Task prompt> Without any pictures, restate the full set of records below exactly.

※ ※ ※

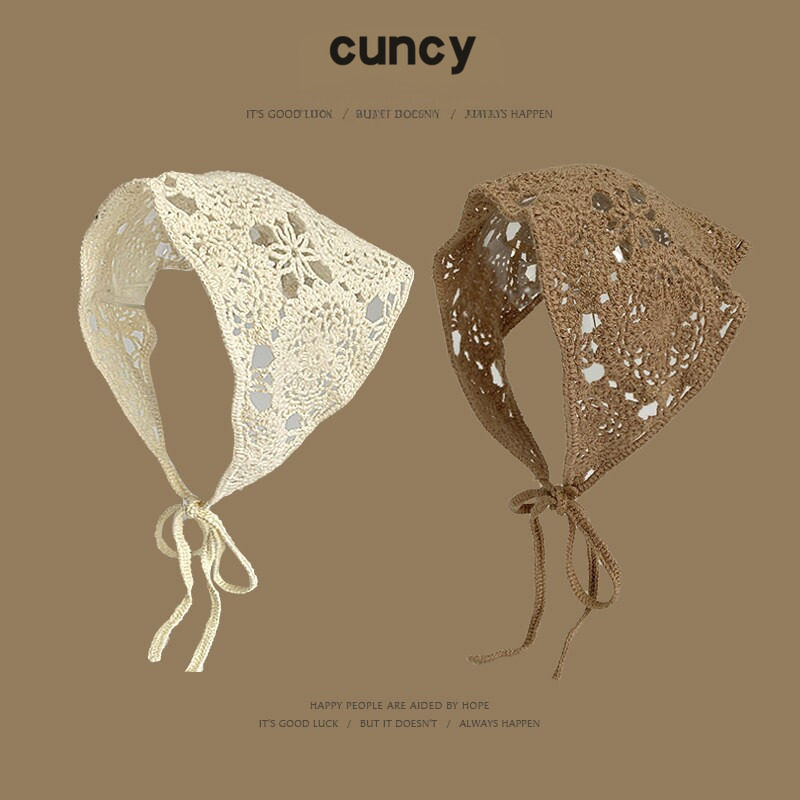 CUNCY日系纯色包头帽三角巾发带青年女性田园头巾四季通用帽
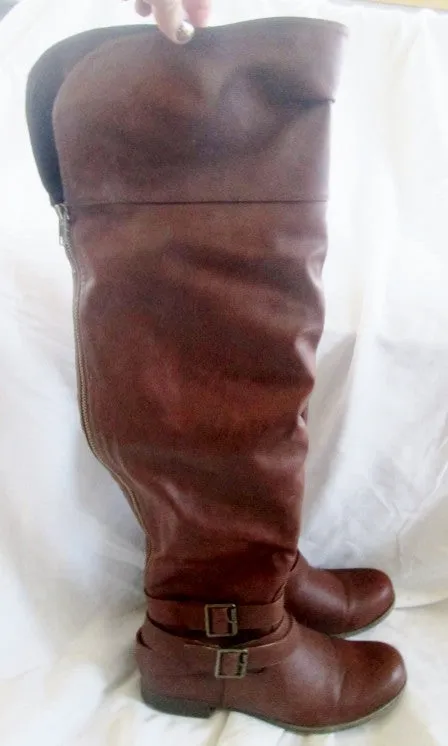 EUC Womens JUST FAB Vegan Thigh Over Knee Riding BOOTS BROWN 10 AURELEE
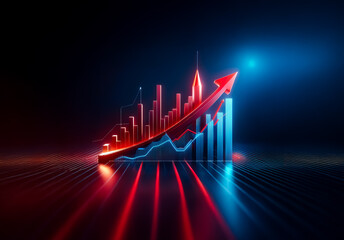 Leinwandbilder - Futuristic 3D graph shows upward financial growth with a red arrow and blue bars, neon illuminated on a dark backdrop.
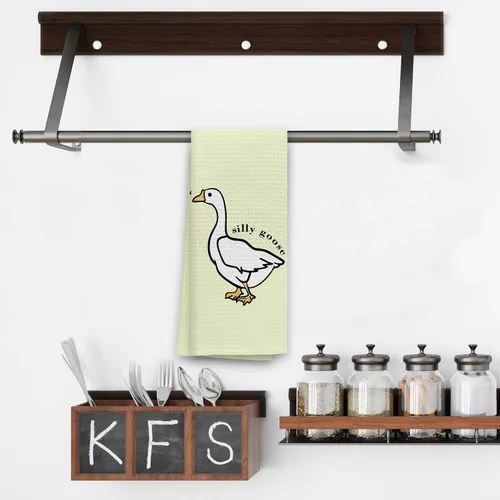 Miniatura 3 de TNUW Silly Goose - Toallas de cocina suaves y absorbentes, paños de cocina cristianos de 16 x 24 pulgadas, regalos divertidos de ganso (crema)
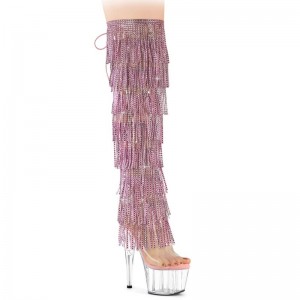 Pink / Clear Pleaser Adore-3019C-RSF Women's Thigh High Boots | AUSTRALIA ILAZD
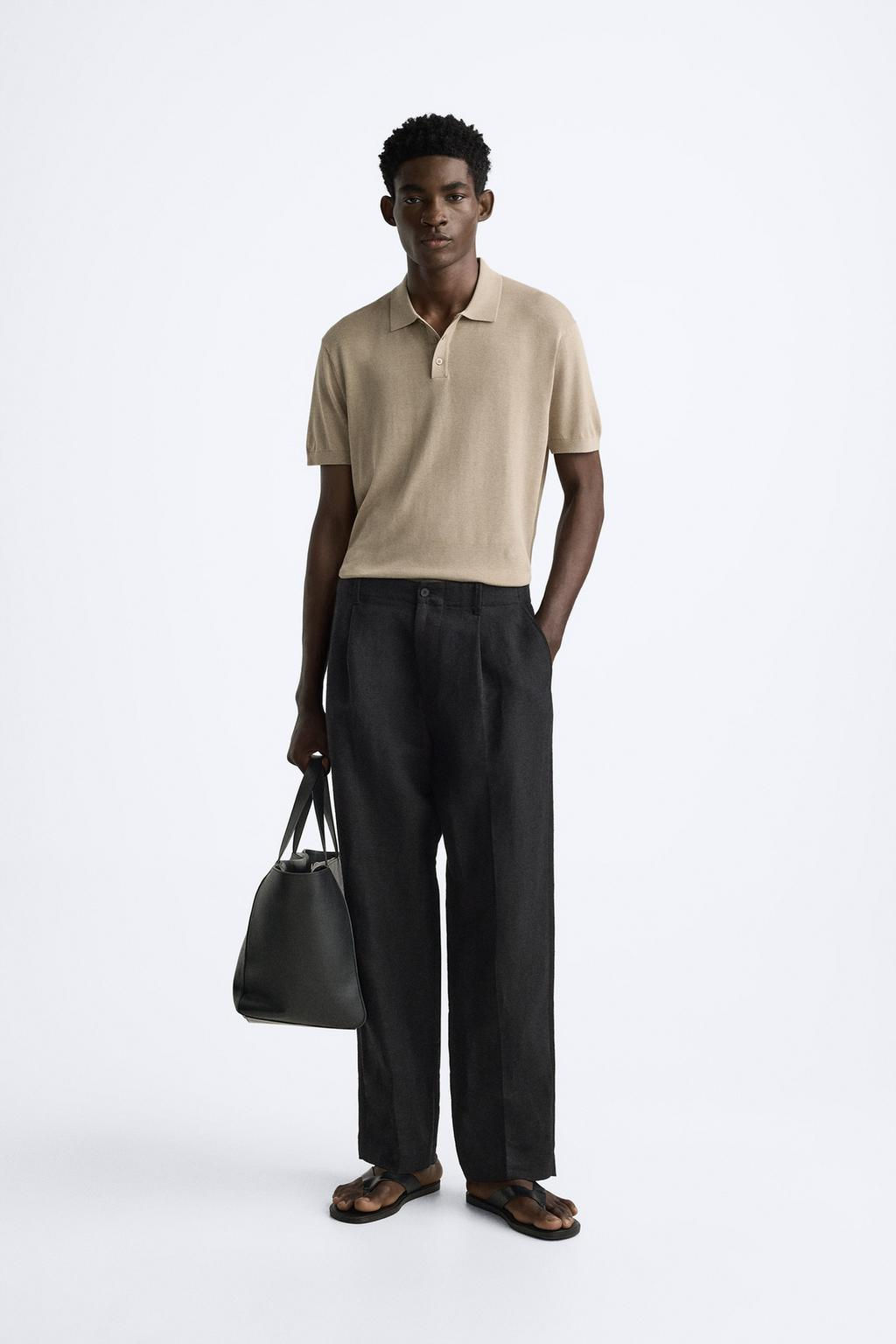 COTTON AND SILK KNIT POLO SHIRT - Zara фото 30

※ ※ ※

Result of the exercise>
 CUNCY日系纯色包头帽三角巾发带青年女性田园头巾四季通用帽
 EUC Womens JUST FAB Vegan Thigh Over Knee Riding BOOTS BROWN 10 AURELEE
 Leinwandbilder - Futuristic 3D graph shows upward financial growth with a red arrow and blue bars, neon illuminated on a dark backdrop.
 Miniatura 3 de TNUW Silly Goose - Toallas de cocina suaves y absorbentes, paños de cocina cristianos de 16 x 24 pulgadas, regalos divertidos de ganso (crema)
 Pink / Clear Pleaser Adore-3019C-RSF Women's Thigh High Boots | AUSTRALIA ILAZD
 COTTON AND SILK KNIT POLO SHIRT - Zara фото 30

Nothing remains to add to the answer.